The Prevalence and Trends of Instrumental Activities of Daily Living Impairments in the United States from 2008–2018
Abstract
Background:
Instrumental activities of daily living (IADL) are neuropsychological-driven tasks that are linked to cognitive dysfunction. Examining population-based IADL deficits may reveal insights for the presence of these impairments in the United States.
Objective:
This investigation sought to evaluate the prevalence and trends of IADL impairments in Americans.
Methods:
A secondary analysis of data from the 2006–2018 waves of the Health and Retirement Study was conducted. The overall unweighted analytic sample included 29,764 Americans aged≥50 years. Respondents indicated their ability to perform six IADLs: manage money, manage medications, use a telephone, prepare hot meals, shop for groceries, and use a map. Persons reporting difficulty or an inability to complete an individual IADL were considered as having a task-specific impairment. Similarly, those indicating difficulty or an inability to perform any IADL were classified as having an IADL impairment. Sample weights were utilized to generate nationally-representative estimates.
Results:
Having an impairment in using a map (2018 wave: 15.7% (95% confidence interval (CI): 15.0–16.4) had the highest prevalence in individual IADLs regardless of wave examined. The overall prevalence of IADL impairments declined during the study period (p < 0.001) to 25.4% (CI: 24.5–26.2) in the 2018 wave. Older Americans and women had a consistently higher prevalence of IADL impairments compared to middle-aged Americans and men, respectively. The prevalence of IADL impairments was also highest among Hispanics and non-Hispanic Blacks.
Conclusion:
IADL impairments have declined over time. Continued surveillance of IADLs may help inform cognitive screening, identify subpopulations at risk of impairment, and guide relevant policy.
INTRODUCTION
Older Americans currently account for approximately 17% of the total United States population [1]. This growing older American demographic is projected to reach 98 million, nearly 25% of the United States population by the year 2060 [2]. Many older Americans are living with age-related morbidities, which in turn, threaten quality of life, independence, and longevity [3]. Therefore, population surveillance of such morbidities is critical for monitoring trends, informing healthcare providers, and guiding policy efforts and interventions to better serve the health needs of the growing older American population.
Alzheimer’s disease and related dementias (ADRD) are a type of age-related morbidity that is projected to increase in line with the older growing American population [4]. Instrumental activities of daily living (IADL) are neuropsychological-driven tasks that, when impaired, may indicate onset cognitive decline and physical disablement [5]. IADLs are sensitive to cognitive declines because they are uniquely linked to several mental processes [6]. For example, executive functions that are crucial to cognitive functioning such as organization and planning contribute to managing medications and shopping for groceries [7]. Accordingly, IADLs are considered a feasible clinical and epidemiological indicator of cognitive function [6–8].

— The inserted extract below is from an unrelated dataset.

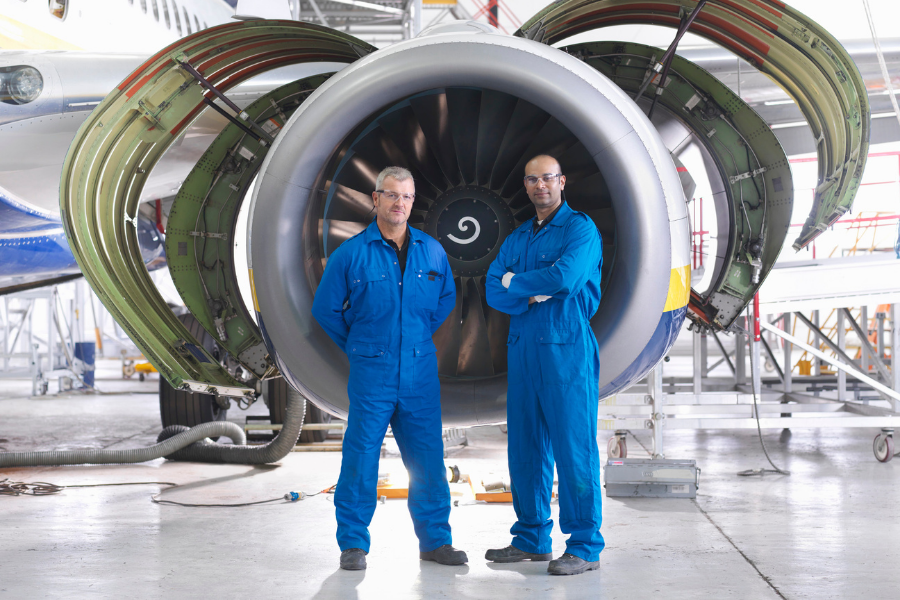 Machine engineers posing in front of aircraft manifacturing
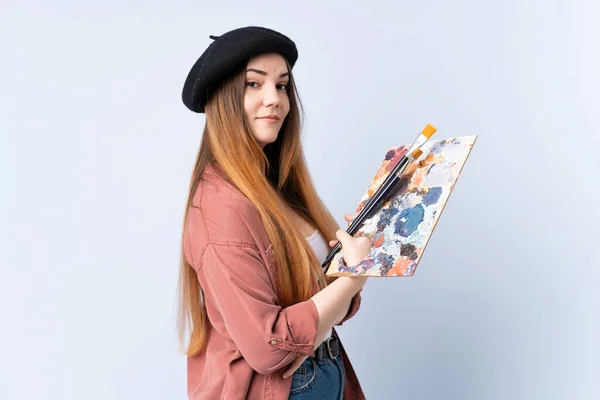 Jovem Artista Mulher Segurando Uma Paleta Isolada Fundo Azul Rindo — Fotografia de Stock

Questionnaires and interviews may serve as screening tools for referral to more sophisticated cognitive assessments [9]. However, dementia screening is not consistently recommended during routine geriatric health assessments [10]. Assessing a patients’ ability to perform IADLs could be easily implemented in such routine health assessments because of their health-related predictive utility [11]. Given that IADLs are feasible to assess and connected to cognitive function [12], examining the prevalence and trends of IADL impairments may help to uncover additional trends in cognitive functioning. We sought to examine the prevalence and trends of IADL impairments in Americans.
MATERIALS AND METHODS
Participants
A secondary analysis of data from the 2006–2018 waves of the Health and Retirement Study (HRS) was conducted for this investigation. The 2006 wave was selected based on the concluding year of IADL prevalence estimates from other reports [13], while the 2018 wave included the most recent wave of available data from the HRS. Distinct HRS datafiles were joined to the RAND HRS dataset as needed [14]. The overarching purpose of the HRS is to observe the economic and health status of Americans over time [14]. HRS participation requires persons be aged at least 50 years, and new birth cohorts are included in the HRS every six years for maintaining national representation [14]. Those in the HRS are re-interviewed biannually and followed until death. Response rates have consistently been > 80% [15].
The HRS utilizes a multistage probability design, including geographical stratification and oversampling for select demographic groups [16]. Participants provided written informed consent prior to entering the HRS, and the University’s Behavioral Sciences Committee Institutional Review Board approved protocols. More details about the HRS are available elsewhere [16].
Measures
Age, sex, race, and ethnicity were reported at each wave. Respondents also communicated with trained interviewers at each wave about their ability to perform six IADLs: manage money, manage medications, use a telephone, prepare hot meals, shop for groceries, and use a map. Persons reporting difficulty or an inability to complete an individual IADL were considered as having an impairment in that specific task. Likewise, those indicating difficulty or an inability to perform any IADL were classified as having an IADL impairment.
Statistical analysis
All analyses were conducted with SAS 9.4 software (SAS Institute; Cary, NC). HRS analytic guidelines steered our analyses [17]. Survey weights, which accounted for the complex sampling design, where used to obtain nationally representative estimates. Descriptive characteristics were presented unweighted as mean±standard deviation for continuous variables or frequency (percentage) for categorical variables as indicated to increase interpretability. Prevalence estimates for Americans with impairments in individual IADL tasks were presented at each wave, and the overall prevalence of IADL impairments were similarly shown at each wave. IADL impairment prevalence estimates were then stratified by age group (50–64 years (middle-aged);≥65 years (older)), sex (male, female), and race and ethnicity (Hispanic, non-Hispanic Black, non-Hispanic Other, non-Hispanic White). Prevalence estimates were weighted and presented alongside 95% confidence intervals (CI).
Separate multilevel logistic regression models for examining trends in IADL impairments were conducted with the survey weights included for overall impairments, age group, sex, and race, and ethnicity. To account for the longitudinal design, repeated measures of individual participants in multiple waves were modelled using a random intercept for each participant. For each model, the binary outcome was IADL impairment. For the overall model, the only predictor was time (i.e., survey wave). For assessing trends by age group, the model adjusted for time, age group (reference: middle-aged), and the interaction between time and age group. Similarly, for the model of trends by sex, the model adjusted for time, sex (reference: female), and time-by-sex interaction. In the final model, there was a predictor for time, race, and ethnicity (reference group: non-Hispanic White) and the interaction between time andrace/ethnicity.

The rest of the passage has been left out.